Bukan itu saja, Uci lewat MSC juga membantu kepengurusan akta lahir di Jakarta yang angkanya mencapai ratusan. Ada pula sidang itsbath nikah dan nikah massal. Serta membangun kompetensi keterampilan lewat kurus Bahasa Inggris gratis pada tiap kecamatan dengan menjalin kerja sama dengan mahasiswa. “Ada juga pelatihan pemberdayaan masyarakat lainnya seperti mengoperasikan sistem komputer berbasis Autocad,” tambah suami dari Naomi Shalima ini.

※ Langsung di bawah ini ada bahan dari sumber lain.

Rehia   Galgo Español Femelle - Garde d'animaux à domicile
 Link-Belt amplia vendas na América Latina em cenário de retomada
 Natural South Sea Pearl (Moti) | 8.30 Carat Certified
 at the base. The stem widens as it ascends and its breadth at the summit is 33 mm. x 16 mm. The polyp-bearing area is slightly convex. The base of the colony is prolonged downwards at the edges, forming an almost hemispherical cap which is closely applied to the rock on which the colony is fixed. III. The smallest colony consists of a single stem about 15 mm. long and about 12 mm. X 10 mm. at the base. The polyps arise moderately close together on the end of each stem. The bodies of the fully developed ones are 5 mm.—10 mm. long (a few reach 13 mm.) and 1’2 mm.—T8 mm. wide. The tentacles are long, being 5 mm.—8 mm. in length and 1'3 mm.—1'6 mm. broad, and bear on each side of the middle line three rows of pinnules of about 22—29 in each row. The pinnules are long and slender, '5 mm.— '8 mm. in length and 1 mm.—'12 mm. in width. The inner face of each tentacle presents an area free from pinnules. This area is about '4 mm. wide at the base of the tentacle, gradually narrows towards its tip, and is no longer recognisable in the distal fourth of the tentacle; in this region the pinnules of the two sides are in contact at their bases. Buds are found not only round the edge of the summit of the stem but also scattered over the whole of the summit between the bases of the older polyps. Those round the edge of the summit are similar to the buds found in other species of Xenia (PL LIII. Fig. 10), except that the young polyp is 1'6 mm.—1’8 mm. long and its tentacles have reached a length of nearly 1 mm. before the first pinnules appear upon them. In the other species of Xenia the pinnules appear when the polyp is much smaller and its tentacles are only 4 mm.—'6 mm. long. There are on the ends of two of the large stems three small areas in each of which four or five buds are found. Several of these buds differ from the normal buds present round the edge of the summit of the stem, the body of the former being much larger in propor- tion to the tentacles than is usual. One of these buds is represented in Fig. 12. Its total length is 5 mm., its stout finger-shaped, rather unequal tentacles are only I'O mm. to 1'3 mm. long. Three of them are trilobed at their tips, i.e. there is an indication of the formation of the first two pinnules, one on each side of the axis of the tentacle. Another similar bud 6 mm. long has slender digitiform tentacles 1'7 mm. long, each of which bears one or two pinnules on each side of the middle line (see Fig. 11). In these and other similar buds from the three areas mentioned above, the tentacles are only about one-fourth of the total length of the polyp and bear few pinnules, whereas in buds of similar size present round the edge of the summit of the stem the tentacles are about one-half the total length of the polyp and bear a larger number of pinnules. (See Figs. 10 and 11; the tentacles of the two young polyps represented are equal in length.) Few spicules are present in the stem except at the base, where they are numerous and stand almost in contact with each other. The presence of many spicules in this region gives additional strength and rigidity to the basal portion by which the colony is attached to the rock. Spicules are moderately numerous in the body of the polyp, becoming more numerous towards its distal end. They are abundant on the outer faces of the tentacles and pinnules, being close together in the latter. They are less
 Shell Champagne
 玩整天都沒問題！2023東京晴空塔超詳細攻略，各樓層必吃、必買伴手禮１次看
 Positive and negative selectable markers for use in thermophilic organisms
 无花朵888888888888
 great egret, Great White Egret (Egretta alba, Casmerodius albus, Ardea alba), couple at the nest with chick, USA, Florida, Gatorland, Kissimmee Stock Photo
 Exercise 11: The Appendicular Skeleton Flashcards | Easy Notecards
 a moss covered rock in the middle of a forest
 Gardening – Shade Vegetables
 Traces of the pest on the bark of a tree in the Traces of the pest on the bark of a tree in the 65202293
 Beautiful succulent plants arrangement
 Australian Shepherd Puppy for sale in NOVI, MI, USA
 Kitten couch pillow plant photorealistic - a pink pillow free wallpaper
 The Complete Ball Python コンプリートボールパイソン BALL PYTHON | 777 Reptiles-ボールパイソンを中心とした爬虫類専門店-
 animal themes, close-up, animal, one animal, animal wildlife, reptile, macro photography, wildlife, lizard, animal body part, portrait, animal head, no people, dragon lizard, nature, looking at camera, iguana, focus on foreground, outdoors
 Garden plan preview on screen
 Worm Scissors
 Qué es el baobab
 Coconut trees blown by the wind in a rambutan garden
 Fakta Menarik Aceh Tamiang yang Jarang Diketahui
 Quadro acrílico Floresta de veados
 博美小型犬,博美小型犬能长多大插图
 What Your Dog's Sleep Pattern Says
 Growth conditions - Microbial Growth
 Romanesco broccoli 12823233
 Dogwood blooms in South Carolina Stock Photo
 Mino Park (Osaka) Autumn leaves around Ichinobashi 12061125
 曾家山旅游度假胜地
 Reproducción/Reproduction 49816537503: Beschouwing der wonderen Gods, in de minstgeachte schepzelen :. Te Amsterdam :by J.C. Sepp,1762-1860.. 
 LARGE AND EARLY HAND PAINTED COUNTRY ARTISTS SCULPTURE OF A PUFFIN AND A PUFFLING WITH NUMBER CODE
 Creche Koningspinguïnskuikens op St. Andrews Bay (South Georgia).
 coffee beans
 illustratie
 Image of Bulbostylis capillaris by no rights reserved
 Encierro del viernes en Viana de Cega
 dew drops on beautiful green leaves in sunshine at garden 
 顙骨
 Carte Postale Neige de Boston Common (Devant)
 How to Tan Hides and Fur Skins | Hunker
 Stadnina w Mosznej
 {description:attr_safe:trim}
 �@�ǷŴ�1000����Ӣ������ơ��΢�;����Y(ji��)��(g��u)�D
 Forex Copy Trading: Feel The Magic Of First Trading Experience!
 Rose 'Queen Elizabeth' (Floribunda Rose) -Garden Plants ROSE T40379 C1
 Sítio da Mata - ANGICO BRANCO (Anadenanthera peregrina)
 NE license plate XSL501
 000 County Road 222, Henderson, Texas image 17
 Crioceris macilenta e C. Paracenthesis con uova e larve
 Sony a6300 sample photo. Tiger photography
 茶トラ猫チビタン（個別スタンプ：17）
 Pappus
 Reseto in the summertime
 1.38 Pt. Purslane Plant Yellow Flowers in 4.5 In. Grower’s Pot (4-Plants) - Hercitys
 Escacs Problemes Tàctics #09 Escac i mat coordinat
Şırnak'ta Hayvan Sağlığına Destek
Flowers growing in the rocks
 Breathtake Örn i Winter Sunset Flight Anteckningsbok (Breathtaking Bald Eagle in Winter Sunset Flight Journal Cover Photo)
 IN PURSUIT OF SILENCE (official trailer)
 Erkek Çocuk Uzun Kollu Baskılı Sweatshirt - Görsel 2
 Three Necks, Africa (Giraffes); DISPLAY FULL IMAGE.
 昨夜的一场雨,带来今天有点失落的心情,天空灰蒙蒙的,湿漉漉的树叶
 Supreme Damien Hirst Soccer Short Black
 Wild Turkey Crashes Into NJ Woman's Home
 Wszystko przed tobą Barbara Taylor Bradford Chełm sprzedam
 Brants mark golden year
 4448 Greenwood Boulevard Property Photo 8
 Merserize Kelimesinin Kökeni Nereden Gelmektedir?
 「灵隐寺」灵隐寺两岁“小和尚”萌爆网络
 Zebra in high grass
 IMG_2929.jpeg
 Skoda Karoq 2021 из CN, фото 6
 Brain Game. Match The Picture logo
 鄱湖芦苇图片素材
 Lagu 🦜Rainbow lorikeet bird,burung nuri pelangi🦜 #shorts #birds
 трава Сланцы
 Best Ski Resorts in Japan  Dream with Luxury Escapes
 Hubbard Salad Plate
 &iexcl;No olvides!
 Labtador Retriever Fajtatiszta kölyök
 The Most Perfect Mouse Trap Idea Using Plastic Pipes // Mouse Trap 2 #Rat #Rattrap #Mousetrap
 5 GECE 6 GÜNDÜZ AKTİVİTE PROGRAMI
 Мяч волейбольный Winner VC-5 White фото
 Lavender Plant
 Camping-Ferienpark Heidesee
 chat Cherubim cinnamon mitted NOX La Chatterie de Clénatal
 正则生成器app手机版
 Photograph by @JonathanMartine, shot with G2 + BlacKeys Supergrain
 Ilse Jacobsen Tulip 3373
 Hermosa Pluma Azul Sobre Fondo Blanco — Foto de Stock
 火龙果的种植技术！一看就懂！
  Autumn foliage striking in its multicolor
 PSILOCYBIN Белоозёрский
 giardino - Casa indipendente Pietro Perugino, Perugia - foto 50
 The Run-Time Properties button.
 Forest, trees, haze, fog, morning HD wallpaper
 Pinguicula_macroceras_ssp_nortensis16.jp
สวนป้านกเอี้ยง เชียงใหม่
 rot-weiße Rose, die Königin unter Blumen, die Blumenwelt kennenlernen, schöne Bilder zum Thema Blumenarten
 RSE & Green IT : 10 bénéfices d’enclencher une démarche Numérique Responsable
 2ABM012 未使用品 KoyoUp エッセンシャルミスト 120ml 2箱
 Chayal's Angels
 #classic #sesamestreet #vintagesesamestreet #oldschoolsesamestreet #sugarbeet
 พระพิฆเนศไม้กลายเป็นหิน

“Dulu saya pendiri Partai Demokrat, saya sejak tahun 90-an sudah keliling membesarkan Pak SBY. Pada 2004 saya tidak caleg karena mendapat dua pilihan bisnis atau politik sehingga saya waktu itu pilih bisnis.
Mulai bisnis sejak 1999 hingga 2009, saya ingin menerapkan dalam dunia politik. Tidak ada kesulitan dalam dunia politik karena politik sebenarnya dilakukan dalam kehidupan sehari-hari. Bedanya kalau politik itu assetnya manusia yang notabene benda hidup. Sementara asset bisnis itu biasanya barang atau benda mati. Tentu lebih sulit mengendalikan benda hidup atau manusia yang terus bergerak. Jadi harus ada cara tersendiri. Tapi kalau menjadikan manusia sebagai objek kita tak pernah tahu keinginan mereka,” akunya
***
Uci dalam bekerja mengaku tak mau terkoptasi dengan uang semata. Ia selalu menempatkan visi sebagai bagian terdepan. Modal menurutnya bukanlah gelontoran dana, melainkan kemampuan mengelola visi dengan kerja keras sehingga menghasilkan kepercayaan. Karena itu, sedari kecil hidupnya tak manja, meski orang tuanya termasuk kalangan berpenghasilan mapan.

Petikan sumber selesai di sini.